◆ ACTIVITY
Look through the entries below for the line with "3dʵ����ͼ����appv1.0.1��ͼ3" and the line with "Зошит 1 вересня", then give again exactly those two lines and all lines between them, minus the pictures.

◆ EXTRACTED DATA

=-=-=-=-=

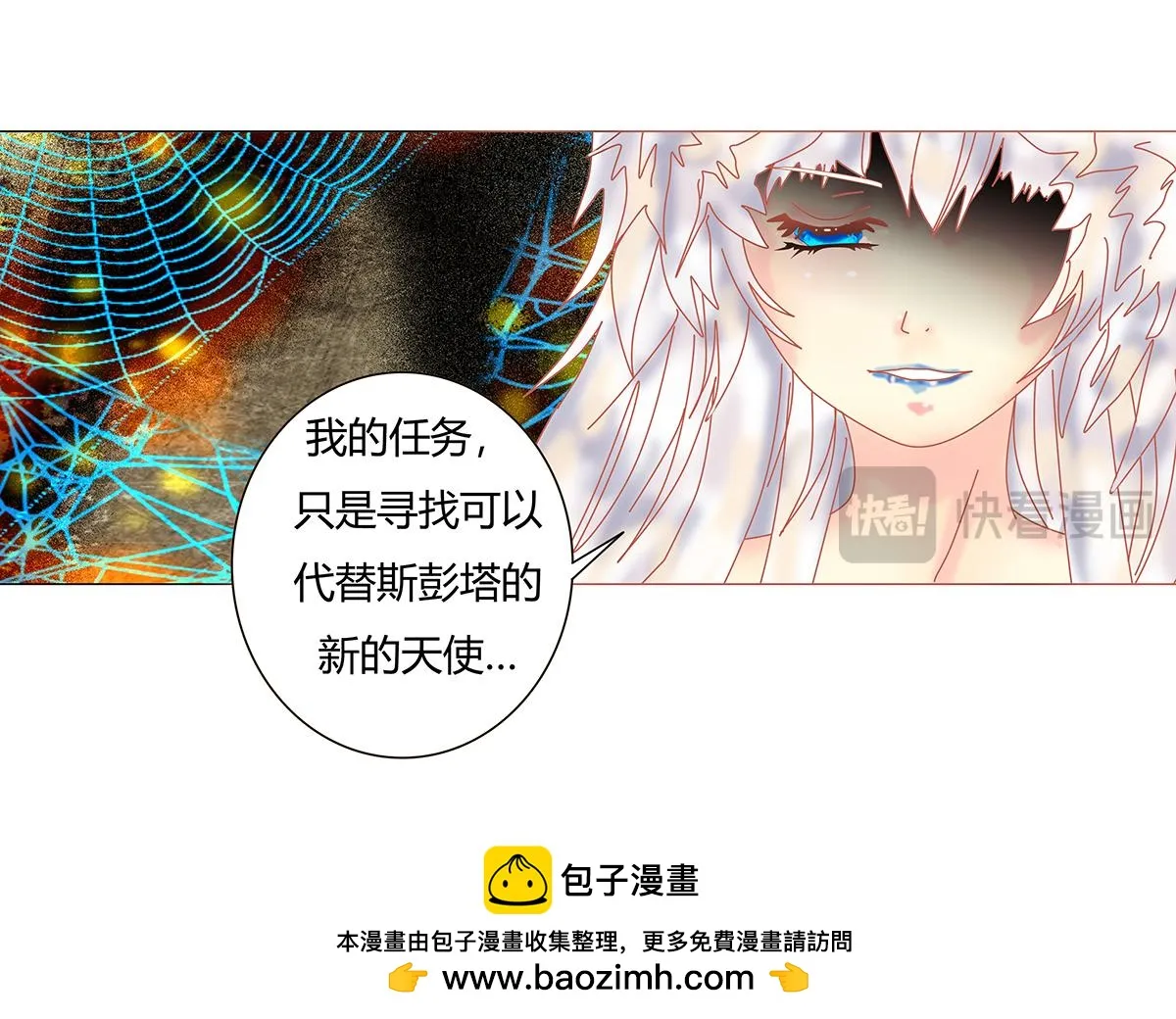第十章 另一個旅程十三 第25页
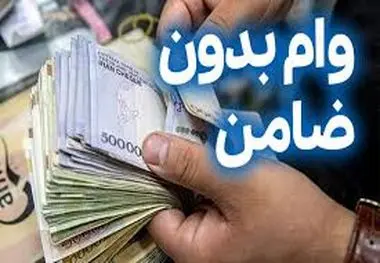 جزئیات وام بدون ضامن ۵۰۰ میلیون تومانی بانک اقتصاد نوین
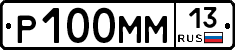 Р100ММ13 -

=-=-=-=-=

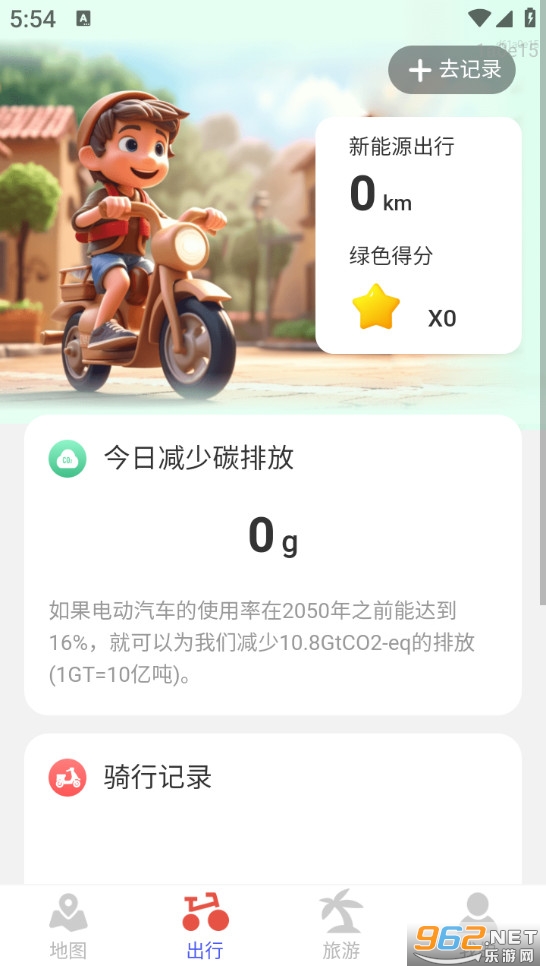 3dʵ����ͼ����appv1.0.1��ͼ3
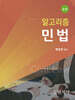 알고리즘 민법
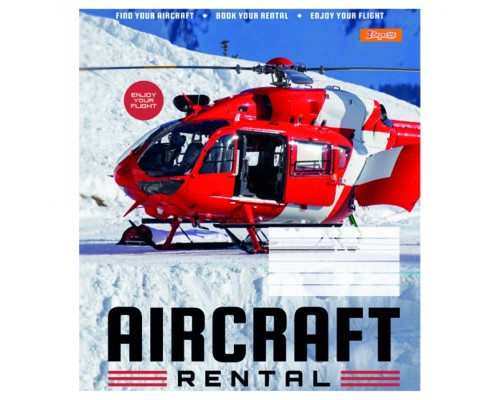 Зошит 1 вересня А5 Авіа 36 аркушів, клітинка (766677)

=-=-=-=-=

◆ SOLVED EXERCISE
 3dʵ����ͼ����appv1.0.1��ͼ3
 알고리즘 민법
 Зошит 1 вересня А5 Авіа 36 аркушів, клітинка (766677)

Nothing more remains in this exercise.